By 1870 the LB&SCR was operating an increasingly intensive suburban service over lightly laid lines with shoddy sleepers, shallow gravel ballast and formidable gradients, and worked by unsuitable (and often ancient) tender locomotives built by Craven. On his appointment to office, William Stroudley immediately set about reorganising Brighton Works and began to tackle the even more urgent need for new locomotives in the express passenger and goods links. Although his first drawings for a suburban tank appeared in the middle of 1870, it wasn’t until two major revisions had occurred that the first half dozen were released to traffic in 1872.
The class proved to be a phenomenal success; fifty examples were built down to 1880, and all bar half a dozen of these were shedded in the London area at New Cross or Battersea for working predominantly the East London and South London lines. Eschewing injectors, Stroudley introduced his feedwater heating system with the Terriers (which was perpetuated with his D and E class tanks), whereby the water in the tanks was pre-heated by exhaust steam from the blast pipe operated by a crank via a rod from the cab. This crank cut off most of the exhaust steam from being directed up the chimney, instead sending it back into the left hand tank via a copper condensing pipe where the steam circulated, heating the water before penetrating the right hand tank. Any remaining uncondensed steam then travelled back to the smokebox via the right hand condensing pipe.
Until the Great Eastern, South Eastern, Metropolitan and Metropolitan & District railways commenced services over the ELR in the mid-1880s, New Cross was home to twenty three members of the class, but by this time suburban trains were becoming heavier, and Stroudley’s 0-4-2T D class began to oust the Terriers from many of their traditional services. In consequence, a number of London based Terriers were rusticated, so that by 1887 only fourteen remained at New Cross, some of which participated in the LB&SCR’s 36 trains each way over ELR every weekday. The opening of the New Thames Tunnel on the East London Railway Extension and the Extended Widened Lines did nothing to halt their slide from inner suburban workings, and from 1892, as the class began to enter Works for replacement cylinders, Billinton called time on almost all the Terrier’s activities over the ELR and ELRE by removing their feedwater pumps and condensing equipment. By 1895 only two examples of condenser fitted Terriers remained at New Cross – No.52 Surrey and No.59 Cheam, but the former was in such poor mechanical condition that it was relegated to shed pilot duties only.
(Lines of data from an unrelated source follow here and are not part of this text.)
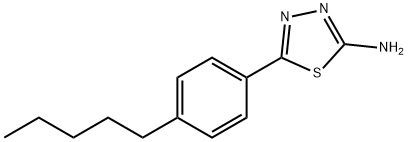 5-(4-戊基苯基)-1,3,4-噻二唑-2-胺 结构式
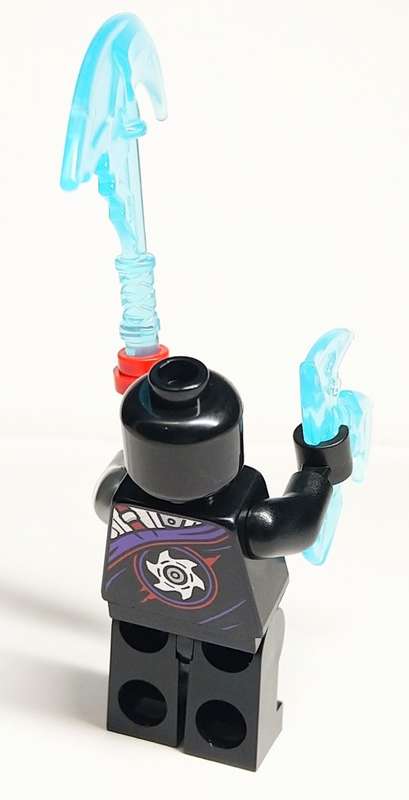 LEGO - Ninjago - Nindroid - with Shuriken and Eclipse Scythe acc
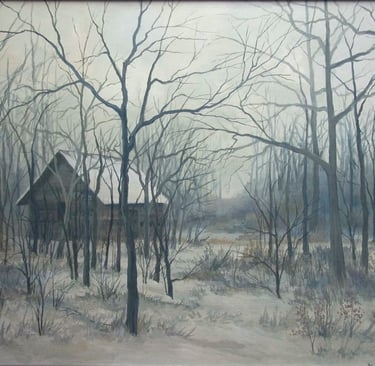"Bleak December" Acrylic $850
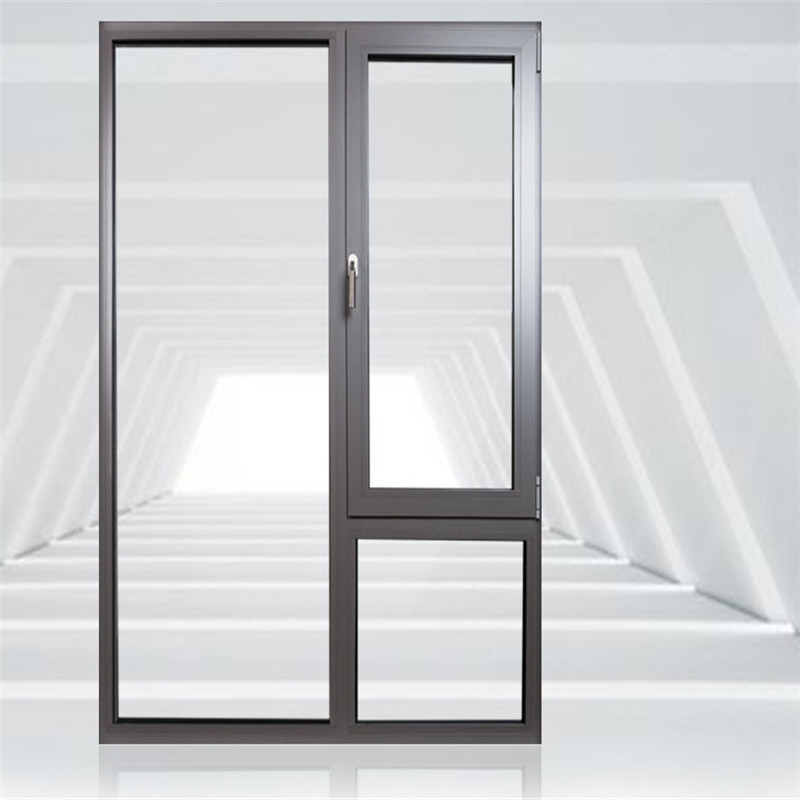 Glass Casement Windows with Tilt and Turn Single Double Outward Inward Aluminum  casement window Awning Hinge Swing French Door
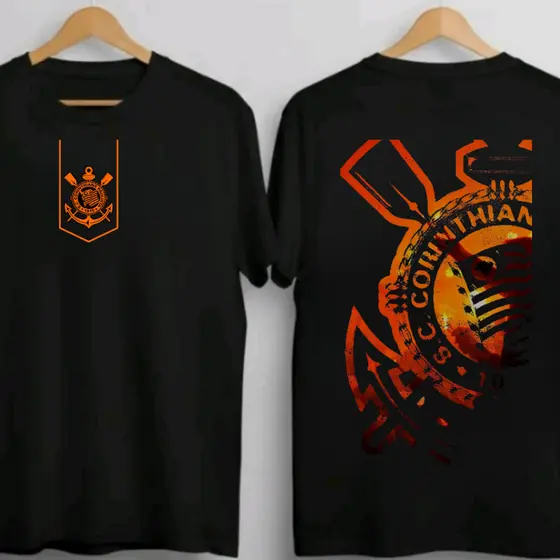 Camiseta Corinthians Lançamento 100% Algodão Premium Futebol Envio Rápido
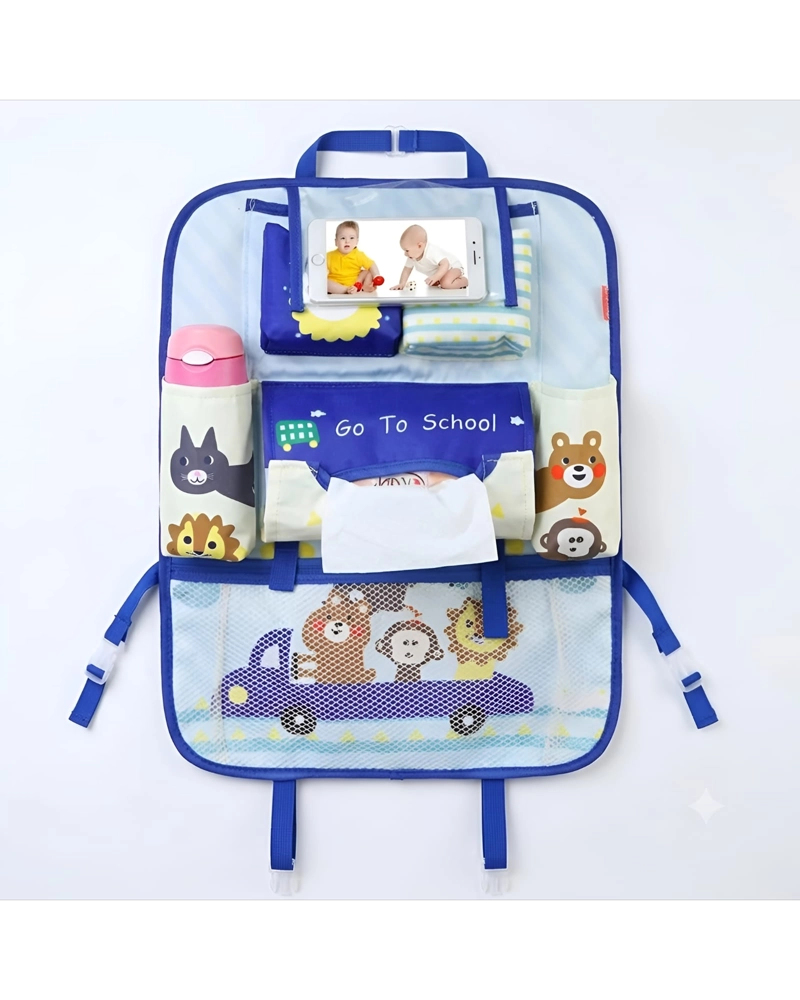 ORGANIZADOR DE ASIENTO TRASERO CON SOPORTE PARA DISPOSITIVOS - 6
Surprisingly Cheam continued to work on ELR and ELRE duties alongside the more powerful D1 tanks, and was involved in an accident at New Cross on a mid-afternoon service from Shoreditch in 1897, whereby it lost its bunker and a side tank in a collision with a Gladstone 0-4-2 Samuel Laing, which suffered even greater damage. Even more surprising is the fact that the loco was repaired and resumed its duties with it’s condensing equipment intact.
However, by the mid-1900s, the class that had been so for so long linked with the East London Railway and the Extension, no longer ran trains on those lines. Sale or scrapping awaited several members in the early years of the 1900s, until Billinton’s successor, D.E. Marsh, gave many a new lease of life on push-pull services in his new and handsome livery of umber.
There are currently only two kit options in 7mm for Terriers (leaving aside the scratchbuilt route, complicated somewhat by the Stroudley roof), viz; a whitemetal offering from Roxey, and a brass effort from Ace, neither of which fills me with great confidence that a satisfactory model can be built without recourse to a bin some changes. I suspect the Ace kit will be the way I choose to go (n.b. order those calming pills now), if only because whitemetal loco bodies in 7mm are a bit of an anathema. As to which loco it’ll be – I’m not too sure. Cheam (see previous post) is an ideal candidate, not only as she spent most of her life, except for a few years in the mid-1880s, at New Cross, but also due to the longevity of her condensing gear and ELR/ELRE duties. However, I wouldn’t mind one with a local name more appropriate to Basilica Fields such as Bishopsgate, Whitechapel, or Shoreditch, all of which were unfortunately denuded of their condensing gear in the early 1890s.
No.51 Rotherhithe, a New Cross engine from release to traffic in 1876 until the mid-1890s, is another candidate; she retained her condensers until withdrawal, but was transferred to Brighton in the mid-90s. In 1898 she was added to the surplus list, but didn’t receive the ‘6’ prefix that many of hers sisters were given, and was withdrawn in February 1901.